When the owner of a company sells and then insists to onlookers that he's not calling the top of the market, you can't help but raise your eyebrows. 

Blackstone Group LP (BX) just announced the purchase of Max Property Group (LSE: MAX), a British real estate investment company. The sale is still pending majority shareholder approval, but investors representing 46% have already indicated that they'll vote in favor.

It makes you wonder what Blackstone is thinking. What self-respecting private equity behemoth buys into a bubble? 

The news surrounding British real estate this year has been consistently, and increasingly, high-pitched. The Bank of England shared concerns about a housing price bubble in May, as housing price inflation hit a seven-year high of over 10%. Prices in London have risen spectacularly, as has mortgage lending activity -- and IPOs related to the real estate market.

All of this whispers "bubble." So if it is one, why is Blackstone buying now? This isn't just about real estate prices, it's about how effective regulators will be in reining in the enthusiasm -- and to the extent my take is correct, Blackstone is saying they won't be. Are they right? 

Can regulators rein it in without raising rates? 
British regulators have already declined to promise an increase in interest rates to curb the real estate market's enthusiasm.

Instead, the Bank of England indicated that it would impose new requirements for capital cushions, lending stress tests to ensure creditworthiness, and possible caps on mortgage to income ratios. Regulators also promised to impose stress tests on lenders that would simulate a severe drop in prices. These promises were softened somewhat in June.

Oddly enough, though, the sentiments very much echo recent announcements from the Fed about leveraged lending in the US.

Leveraged loans have taken off quite significantly in the past year, driven in part by low yields and high liquidity, and American regulators are concerned about it -- but they don't want to increase rates, lest the broader economy suffer. Instead, like their British counterparts, American regulators have proposed more rules, such as limits on debt levels.

Both situations have the same root: regulators want to control the market without doing the obvious, and probably most effective thing, which is to raise interest rates. Can this be an effective policy tool? 

Blackstone doesn't think it will work 
My reading of the Max Property Group acquisition is that Blackstone doesn't think the British will be successful in their attempts to cool the heat in the housing market. 

I don't think the firm's managers are naive enough to just buy British real estate at its peak for no reason, so there must be something else going on.

British rates will rise eventually, but in the meantime regulators are trying to cool off a boom with strategies that I'm guessing Blackstone isn't all that impressed with. 

Add to this the influx of foreign investment into the British property market by investors who probably won't be responsive to new regulations, and you have an even more dire outlook for these new policy tools.
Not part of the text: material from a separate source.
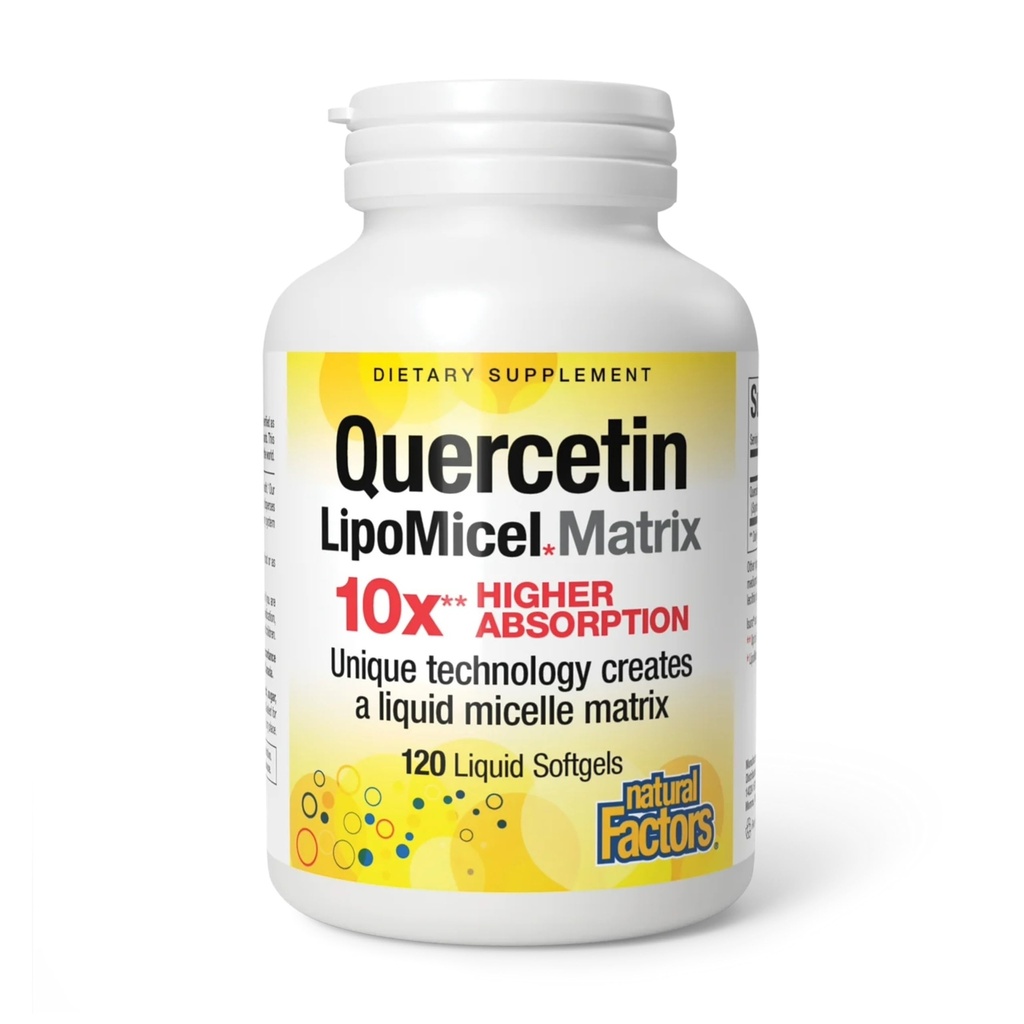 Natuurlijke Factoren Quercetine LipoMicel Matrix - Ondersteunt Immune Health & Capillary Health - Antioxidant Ondersteuning Supplement met Zeer Absorbeerbare Quercetine - 120 Softgels (120 Servers)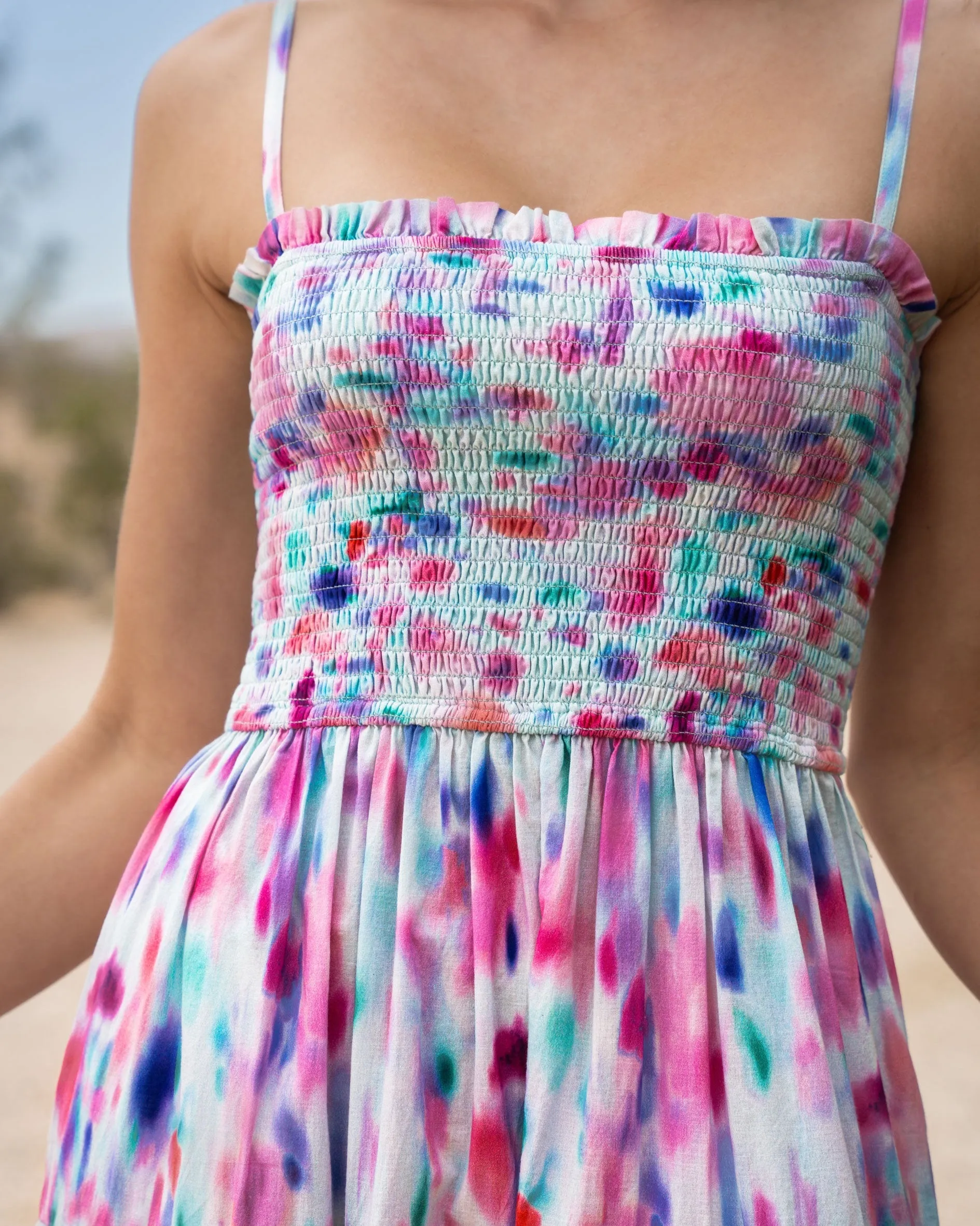 Kristen Dress In Hazy Ikat Seafoam sold by Boston Proper product image thumbnail 4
I'm thinking mainly of Chinese insurance companies, which as of last year are allowed to buy foreign real estate, and can hold up to 20% of their portfolios in the asset class. China-based investments in European property have tripled in the last year.

A fine play? 
All in, if Blackstone is right, regulators are relatively powerless to change the face of the British housing market unless they start raising rates. While it's been suggested that rates will go up toward the end of the year, so far nothing is happening. I think Blackstone is counting on the momentum in the market to keep its current pace no matter what regulators decide to do later on.

Either way, if I'm reading the situation correctly Blackstone is making an interesting, and very critical, comment about the effectiveness of economic policies that aren't tied to interest rates.

Considering that a similar bubble is growing in the US, Blackstone's vote on the matter is not just of interest to the future of its portfolio, but to all of us.